The day the art department faculty of UW-Eau Claire have eagerly been awaiting has finally come. Role-reversal has begun between students and faculty as the studio art professors prepare for their very own showcase: a chance to display their own work and inspire their students.
Haas Fine Arts Center’s Foster Gallery presents the faculty exhibition, Art and Design: “Some of Our Own.” The Foster Gallery sponsors an annual faculty showcase at the beginning of each school year.
With a week turnaround between exhibitions, gallery director Tom Wagener has collected and organized two or three pieces from each participating professor’s research, such as professor Jason Lanka’s winged backpack contraption that spans the width of the gallery.

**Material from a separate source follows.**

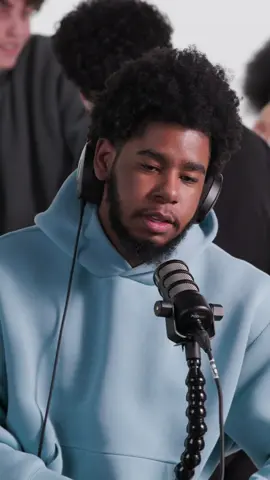 Since the tiny desk contest is done here’s mine 🙂‍↕️ #fyp #viral #blowthisup #tinydesk #tinydeskcontest #indiemusic #rexorangecounty #tylerthecreator #malcolmtodd #xyzbca #ariphillipsmusic #ariphillipss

“All of the studio professors come from different backgrounds,” said Christos Theo, chairman of the art department, who specializes in graphic design.
With this variability, the show offers a wide array of art and all sorts of media, including sculpture, video, animation, painting, printing, illustration and graphic design.

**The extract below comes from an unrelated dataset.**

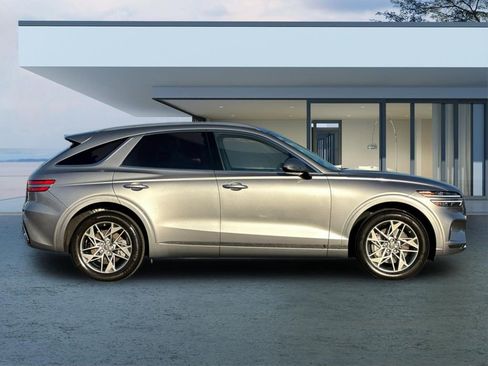 Used 2024 Genesis GV70 2.5T w/ Select Package image 3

Wagener said some faculty stick to their guns, and others experiment with new media.
This event typically features two professors on an annual rotation. This year, the art department invited recent alumni who have moved on to graduate school or have made a name for themselves in the professional art world.

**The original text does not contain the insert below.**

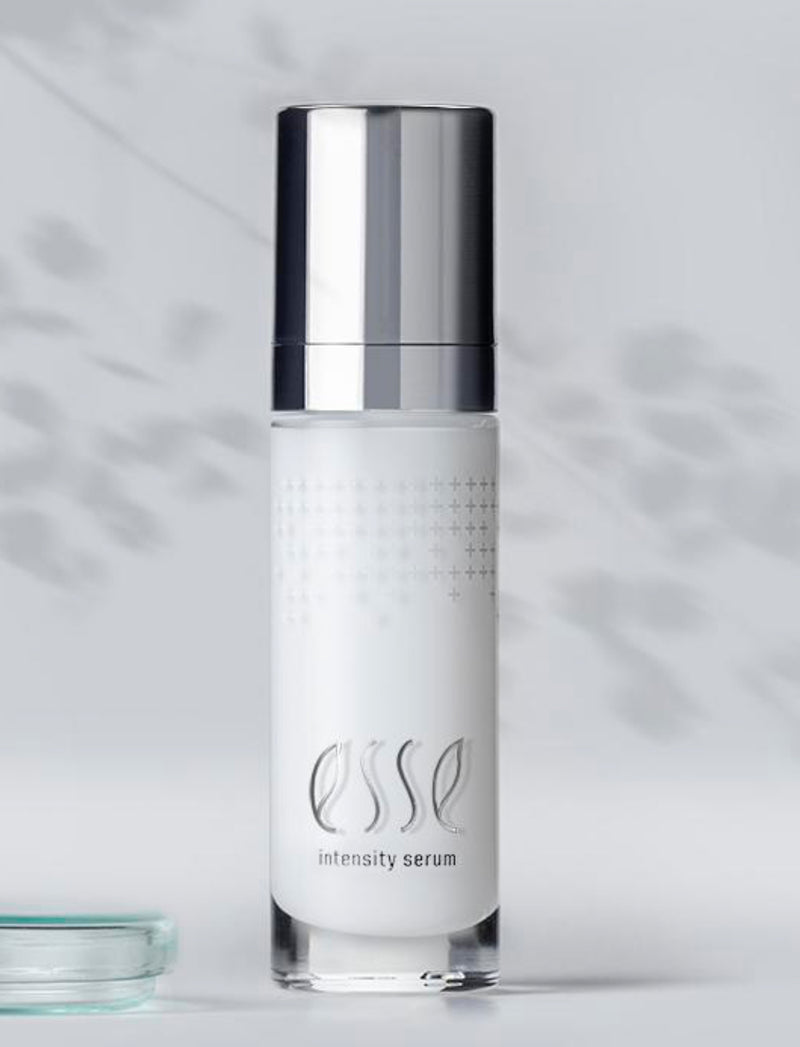 Esse Intensity Serum+ kraftfullt antiage serum med peptider og probiotika for fasthet og glød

The exhibition includes works from alumni Greg Gossel, who gives comic book art a dark twist. Also displayed are graduate student Zach Stensen, currently at the University of Iowa, who presents a series of 14 prints arranged within a grid, and Min Sun Lee, an art professor at the University of Montevallo in Alabama, who specializes in graphic design.
Lucas Gluesenkamp, who works out of Minneapolis, and Jane Marie Ovanin, whose artwork emphasizes metal craftsmanship with the Rhode Island School of Design, are in the show as well.
Stensen and Ovanin are both graduates of UW-Eau Claire’s McNair Program, which encourages continued graduate education for first-generation and low-income students.
The beginning of the school year is marked with this opportunity to see professors and mentors in their own light, as well as the accomplishments of recent graduates, providing motivation and goals for students. It is only fitting that the year will then end with a student showcase of graduating seniors.
The show opens Thursday, Oct. 8. To attract the art illiterate, a small reception of food will be available to provide a full stomach and an open mind.
With the mixture of technique and materials, at least one piece is bound to be attention grabbing.
Theo said this mixture is “what it’s all about.”